Double Bass I have a soundpost question...(not involving "drilling a hole in the top".)

Such speculation is in no way forbidden. Only answering so that this not-so-subtle insinuation that the DB moderators are forbidding people to reply to a topic is answered directly. Just to be clear: Not liking a moderator's opinion, voicing your dislike for it, then having a moderator reply they don't want to discuss the disagreement further does not a forbidden topic make.

Right. Keep in mind we are members and moderators and we were the former before we were the later.

As a moderator, there are a variety of ways to prevent, warn, or penalize people for the way they choose to participate. No such actions were taken in that other discussion, though you're acting like they were.

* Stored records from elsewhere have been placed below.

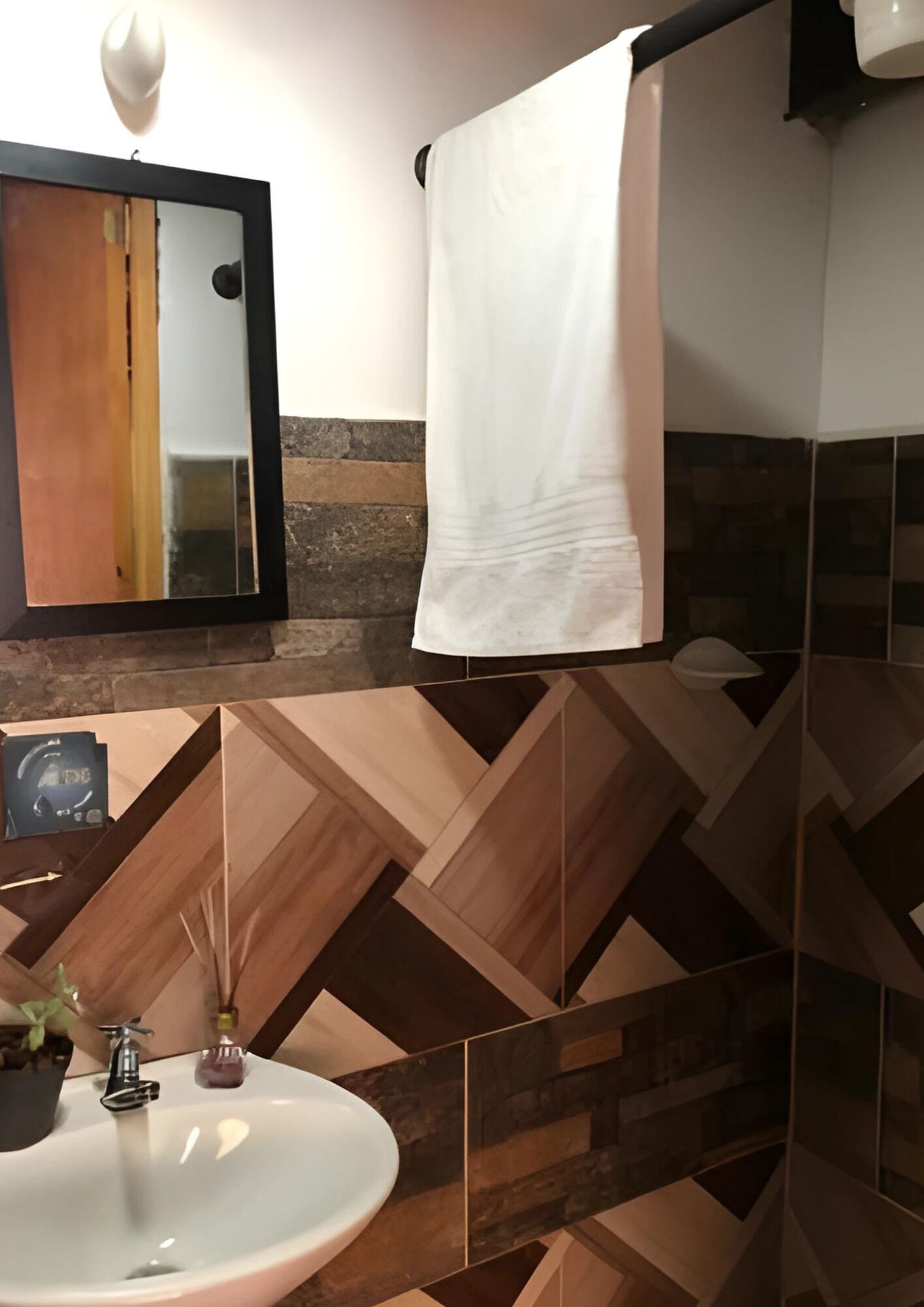 Een douche, handdoeken, zeep, shampoo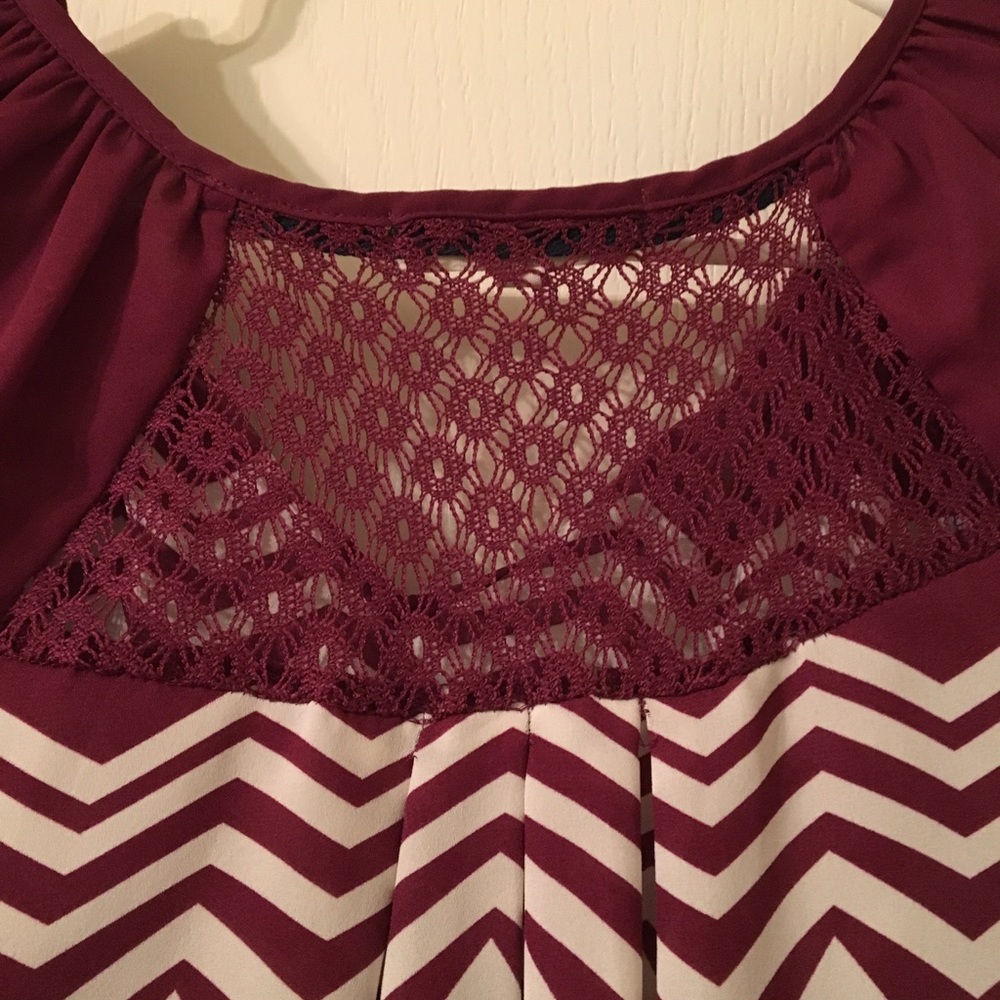 Chevron Patterned Blouse - Picture 3 of 3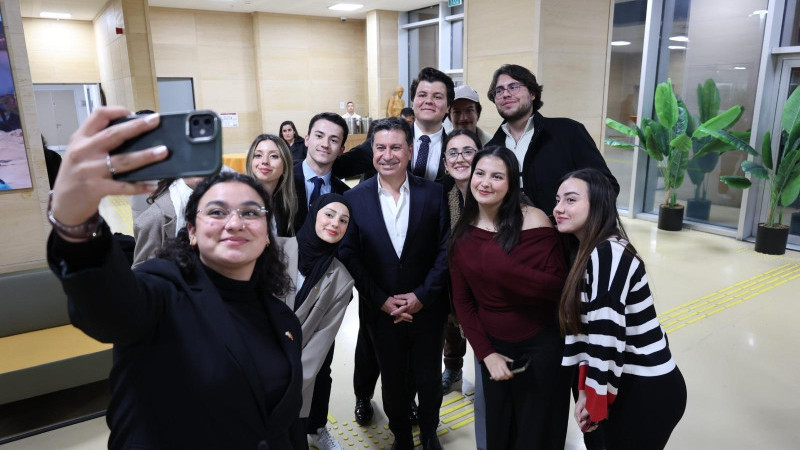 Başkan Aras: “Gençlerden Gelen Her Fikri Desteklemeye Hazırız”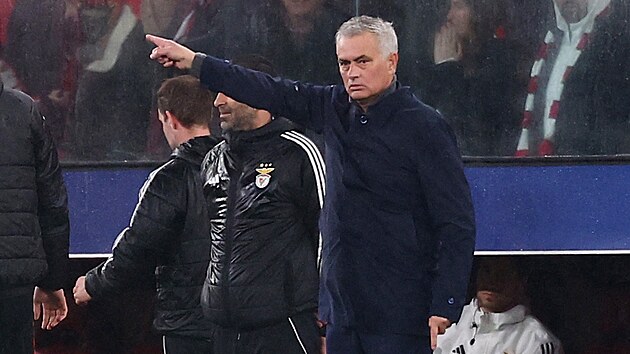 JDI DÁT GÓL. Trenér José Mourinho posílá branká�e Anatolije Trubina do...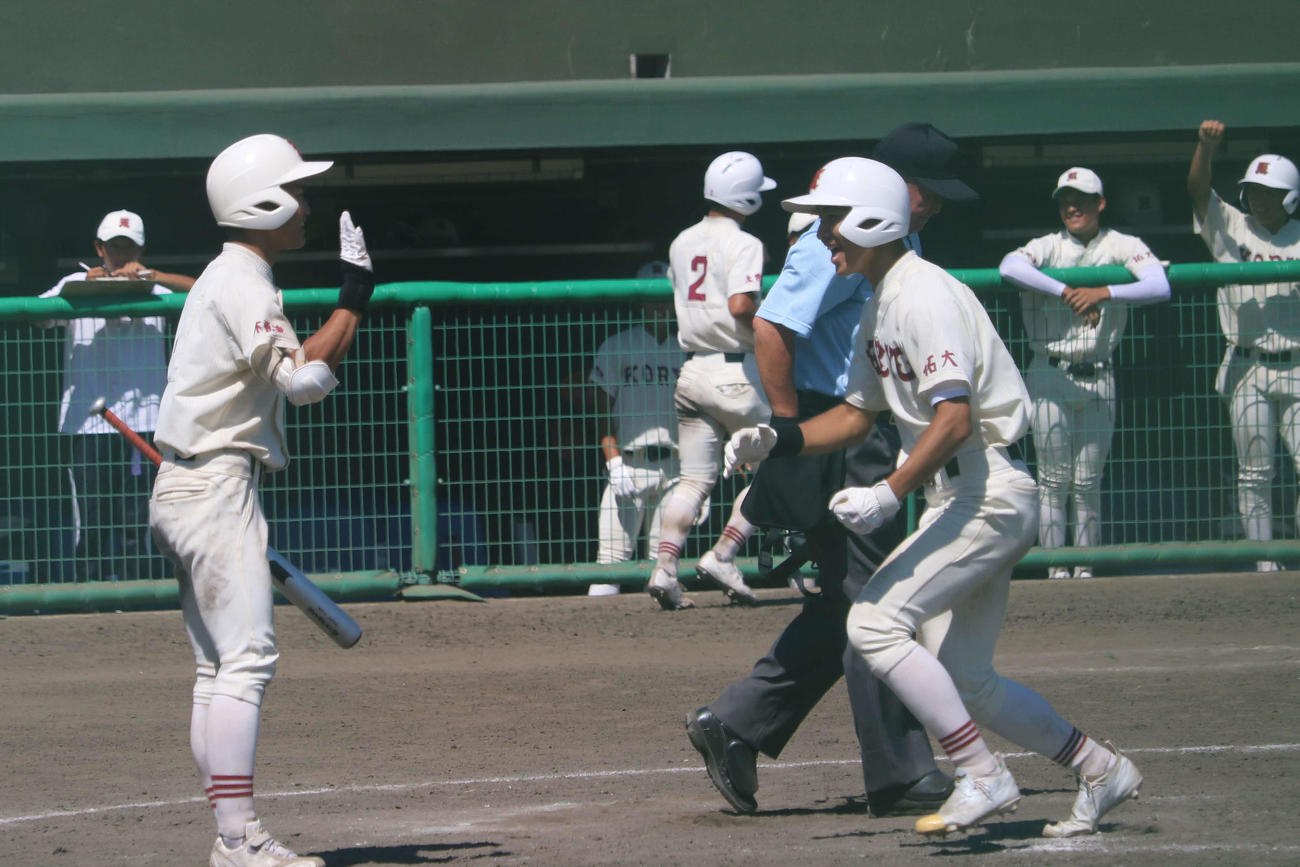 拓大紅陵ー柏陵　5回1死満塁から右越え満塁本塁打を放ち、ガッツポーズを作りながらホームインする拓大紅陵の菰田（撮影・保坂淑子）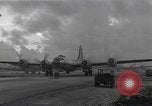 Standbild B-29 Bomber take off Saipan Nördliche Marianen, 1944, aus Sekunde 39 historischem Filmmaterial Videoclip 65675036242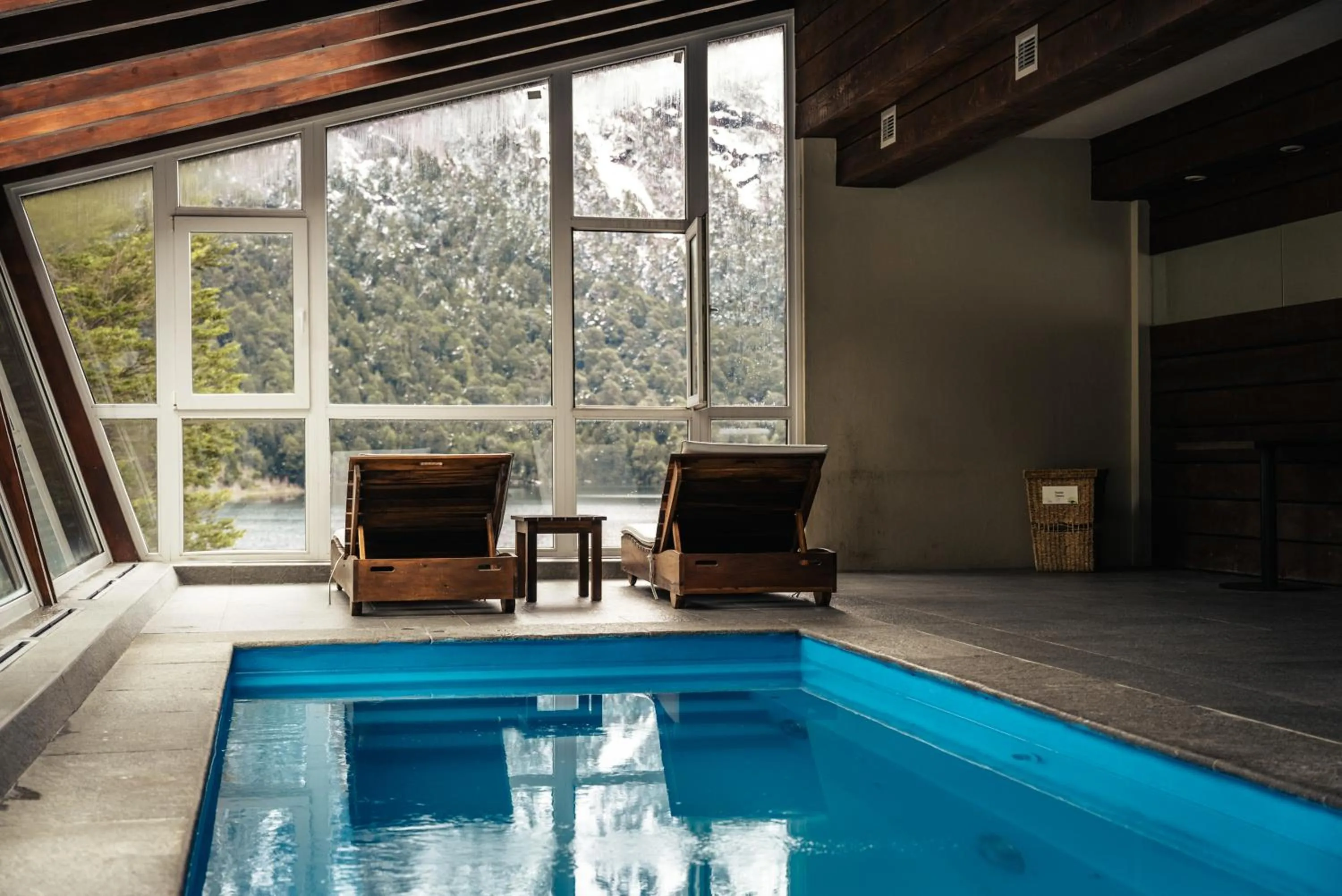 Swimming pool in Hotel Puerto Blest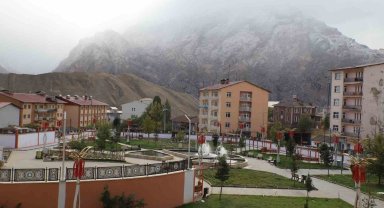 Sümbül Dağı beyaz gelinliğini giydi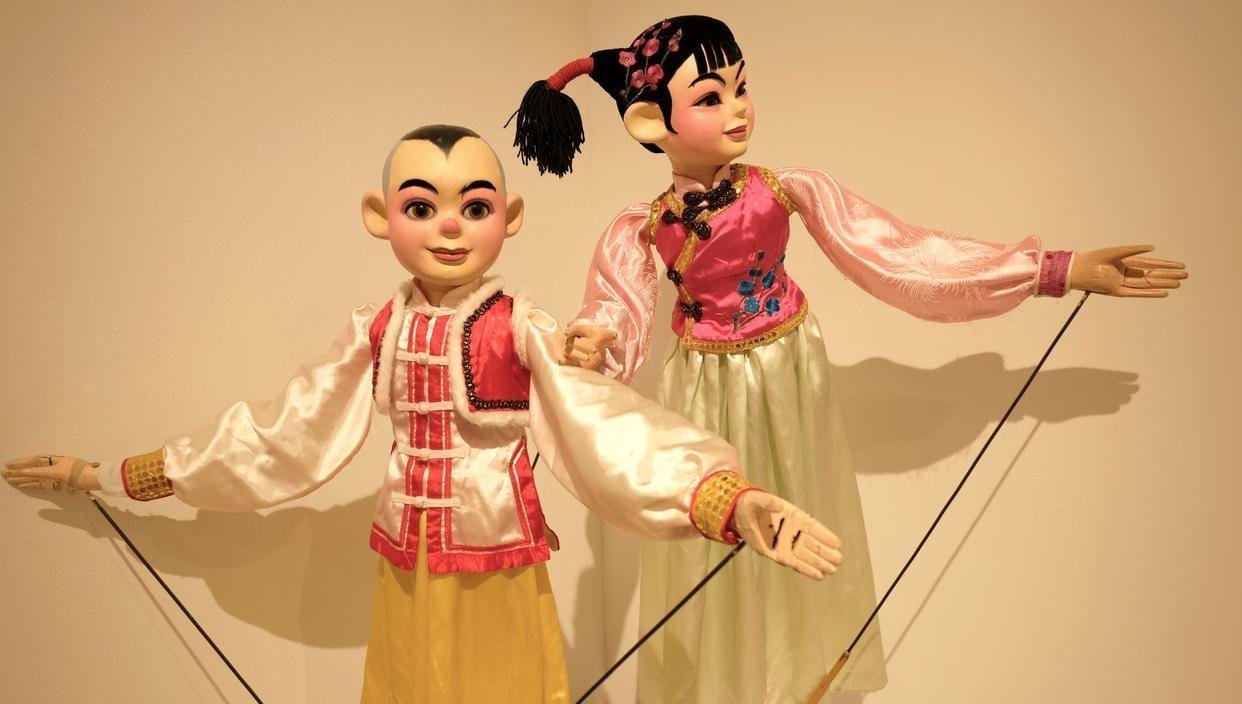 影偶交辉陕西省和四川省皮影木偶艺术展在澳门开幕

That other topic had been opined upon by players and luthiers and I had spent an hour or so researching the topic and shared my conclusions. You did zero research on your own, but kept replying with "why are you being so closed minded?" What I said was that if you had a point to make that contradicted mine or James's it should be based on something.

Let's bring it here. Why don't you take the sound post out of your bass, bring the strings up to tension, play it for
an hour and report back?

I'll wait right here, but stop asking me to prove that bigfoot isn't real.

If you want to troll me across discussions, the distinction between participating as a member and participating as a moderator might become more apparent to you.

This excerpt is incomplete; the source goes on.